--- sidebar_position: 12 title: Benchmarking with Goose sidebar_label: Benchmark with Goose --- The Goose benchmarking system allows you to evaluate goose performance on complex tasks with one or more system configurations.

This guide covers how to use the `goose bench` command to run benchmarks and analyze results. ### Quick Start 1. The benchmarking system includes several evaluation suites.

Run the following to see a listing of every valid selector: ```bash goose bench selectors ``` 2. Create a basic configuration file: ```bash goose bench init-config -n bench-config.json cat bench-config.json { "models": [ { "provider": "databricks", "name": "goose", "parallel_safe": true } ], "evals": [ { "selector": "core", "parallel_safe": true } ], "repeat": 1 } ...etc. ``` 2. Run the benchmark: ```bash goose bench run -c bench-config.json ``` ## Configuration File The benchmark configuration is specified in a JSON file with the following structure: ```json { "models": [ { "provider": "databricks", "name": "goose", "parallel_safe": true, "tool_shim": { "use_tool_shim": false, "tool_shim_model": null } } ], "evals": [ { "selector": "core", "post_process_cmd": null, "parallel_safe": true } ], "include_dirs": [], "repeat": 2, "run_id": null, "eval_result_filename": "eval-results.json", "run_summary_filename": "run-results-summary.json", "env_file": null } ``` ### Configuration Options #### Models Section Each model entry in the `models` array specifies: - `provider`: The model provider (e.g., "databricks") - `name`: Model identifier - `parallel_safe`: Whether the model can be run in parallel - `tool_shim`: Optional configuration for tool shimming - `use_tool_shim`: Enable/disable tool shimming - `tool_shim_model`: Optional model to use for tool shimming #### Evals Section Each evaluation entry in the `evals` array specifies: - `selector`: The evaluation suite to run (e.g., "core") - `post_process_cmd`: Optional path to a post-processing script - `parallel_safe`: Whether the evaluation can run in parallel #### General Options - `include_dirs`: Additional directories to include in the evaluation - `repeat`: Number of times to repeat each evaluation - `run_id`: Optional identifier for the benchmark run - `eval_result_filename`: Name of the evaluation results file - `run_summary_filename`: Name of the summary results file - `env_file`: Optional path to an environment file ##### Mechanics of include_dirs option The `include_dirs` config parameter makes the items at all paths listed within the option, available to all evaluations.
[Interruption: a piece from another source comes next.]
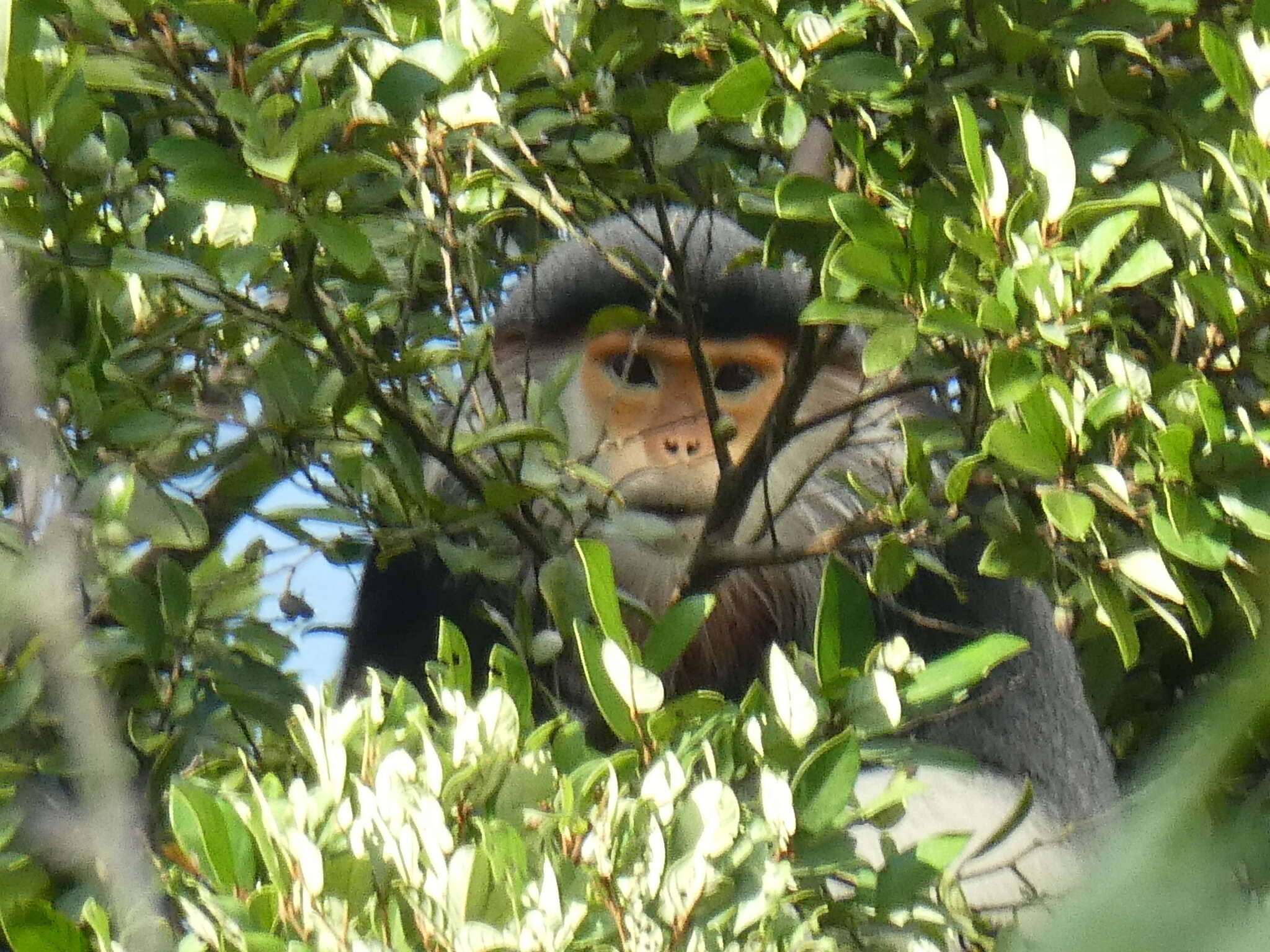 Image of Douc Langurs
It accomplishes this by: * copying each included asset into the top-level directory created for each model/provider pair * at evaluation run-time * whichever assets is explicitly required by an evaluation gets copied into the eval-specific directory * only if the evaluation-code specifically pulls it in * and only if the evaluation actually is covered by one of the configured selectors and therefore runs ### Customizing Evaluations You can customize runs in several ways: 1. Using Post-Processing Commands after evaluation: ```json { "evals": [ { "selector": "core", "post_process_cmd": "/path/to/process-script.sh", "parallel_safe": true } ] } ``` 2. Including Additional Data: ```json { "include_dirs": [ "/path/to/custom/eval/data" ] } ``` 3. Setting Environment Variables: ```json { "env_file": "/path/to/env-file" } ``` ## Output and Results The benchmark generates two main output files within a file-hierarchy similar to the following.
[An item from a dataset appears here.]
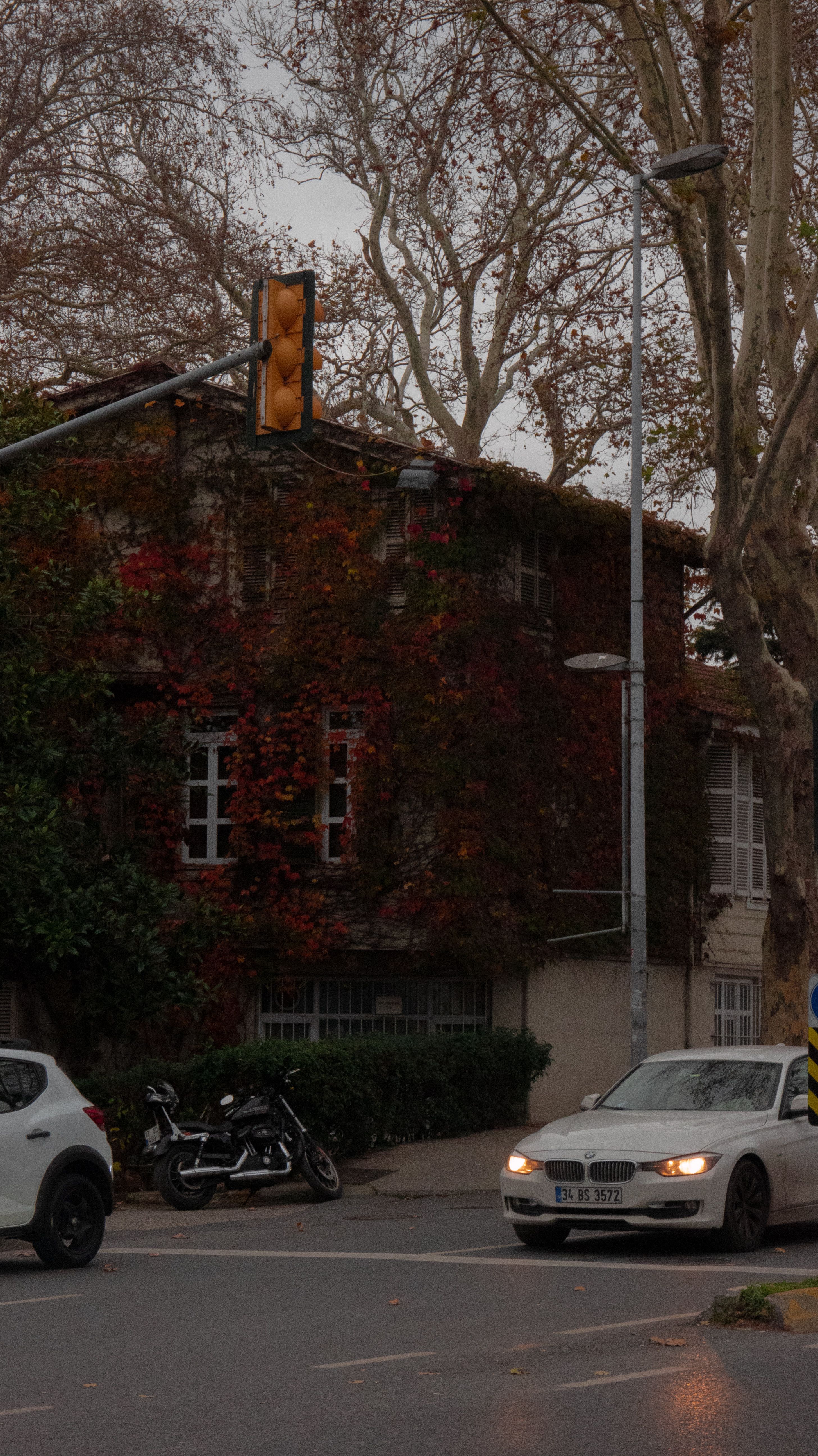 Urban Street Scene with Traffic and Autumn Foliage · Free Stock Photo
Results from running ach model/provider pair are stored within their own directory: ```bash benchmark-${datetime}/ ${model}-${provider}[-tool-shim[-${shim-model}]]/ run-${i}/ ${an-include_dir-asset} run-results-summary.json core/developer/list_files/ ${an-include_dir-asset} run-results-summary.json ``` 1. `eval-results.json`: Contains detailed results from each evaluation, including: - Individual test case results - Model responses - Scoring metrics - Error logs 2. `run-results-summary.json`: A collection of all eval results across all suites. ### Debug Mode For detailed logging, you can enable debug mode: ```bash RUST_LOG=debug goose bench bench-config.json ``` ## Advanced Usage ### Tool Shimming Tool shimming allows you to use a non-tool-capable models with Goose, provided Ollama is installed on the system.

See this guide for important details on [tool shimming](experimental-features).